Material for the task:
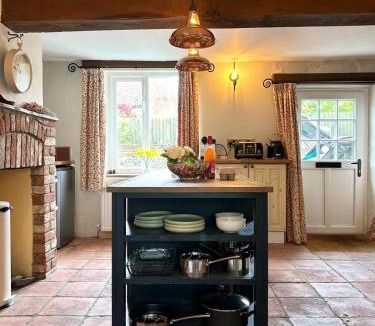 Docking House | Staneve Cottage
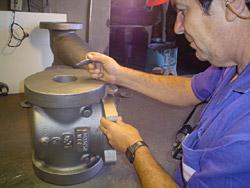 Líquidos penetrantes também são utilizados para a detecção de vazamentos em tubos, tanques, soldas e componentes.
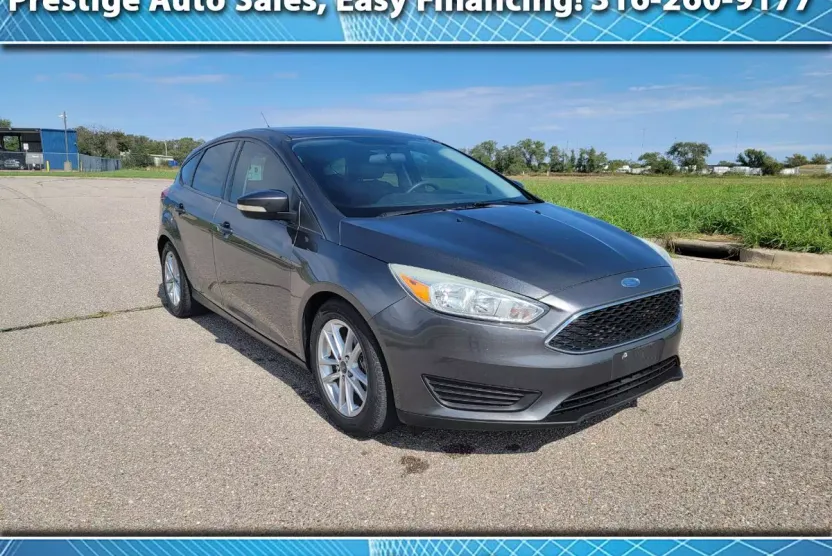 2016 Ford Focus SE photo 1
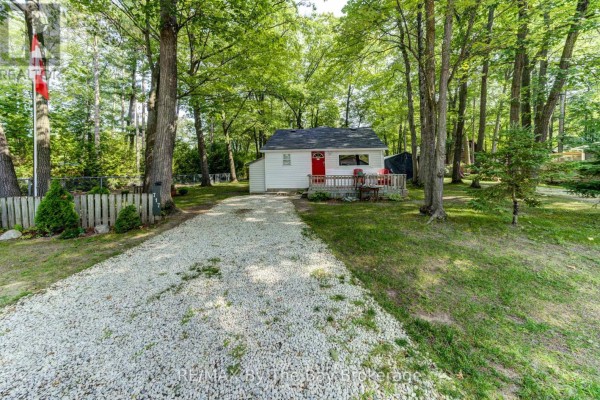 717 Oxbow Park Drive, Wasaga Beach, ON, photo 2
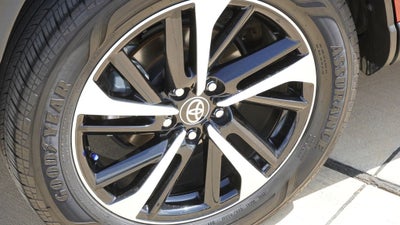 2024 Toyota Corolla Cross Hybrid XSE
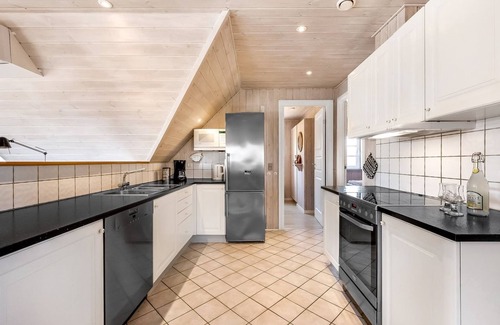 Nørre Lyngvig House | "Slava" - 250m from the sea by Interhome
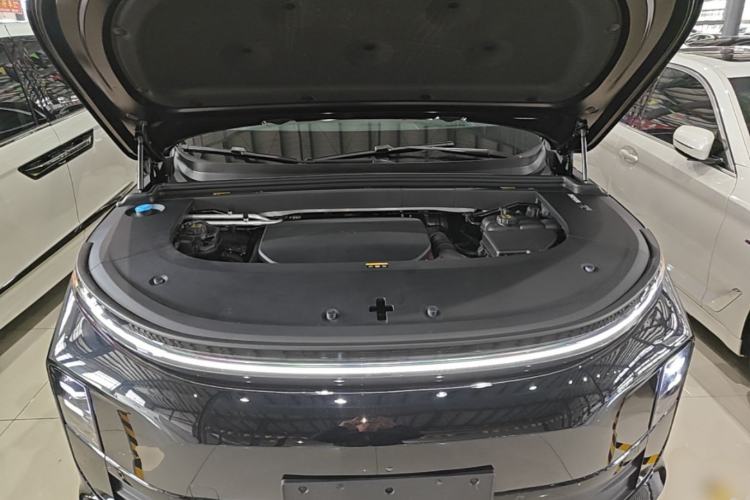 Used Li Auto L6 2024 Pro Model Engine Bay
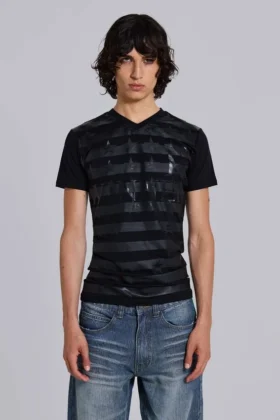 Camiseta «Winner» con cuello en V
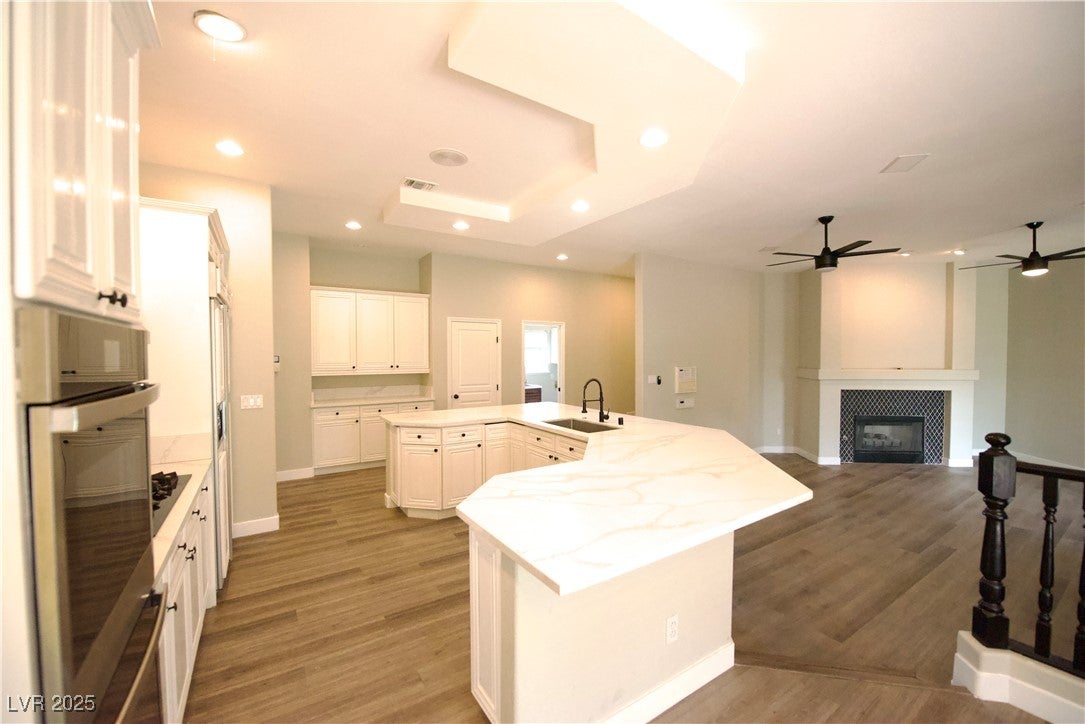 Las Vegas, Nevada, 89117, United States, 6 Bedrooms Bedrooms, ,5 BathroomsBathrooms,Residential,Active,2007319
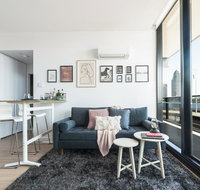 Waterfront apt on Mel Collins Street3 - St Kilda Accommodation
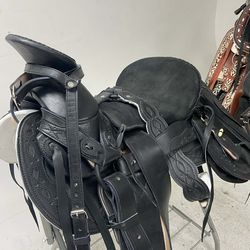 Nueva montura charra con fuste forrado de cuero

* * *

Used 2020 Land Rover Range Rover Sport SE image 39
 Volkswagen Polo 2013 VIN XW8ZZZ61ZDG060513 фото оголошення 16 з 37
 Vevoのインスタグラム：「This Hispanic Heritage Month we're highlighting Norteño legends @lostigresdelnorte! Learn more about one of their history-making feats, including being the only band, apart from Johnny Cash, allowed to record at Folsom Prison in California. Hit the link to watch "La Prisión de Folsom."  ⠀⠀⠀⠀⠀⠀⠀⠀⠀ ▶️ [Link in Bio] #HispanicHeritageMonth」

Work item: Copy exactly the lines of the entries above from the one containing "Líquidos penetrantes também" through the one containing "cuello en V". Both end lines count; pictures do not.

Response to the task:
 Líquidos penetrantes também são utilizados para a detecção de vazamentos em tubos, tanques, soldas e componentes.
 2016 Ford Focus SE photo 1
 717 Oxbow Park Drive, Wasaga Beach, ON, photo 2
 2024 Toyota Corolla Cross Hybrid XSE
 Nørre Lyngvig House | "Slava" - 250m from the sea by Interhome
 Used Li Auto L6 2024 Pro Model Engine Bay
 Camiseta «Winner» con cuello en V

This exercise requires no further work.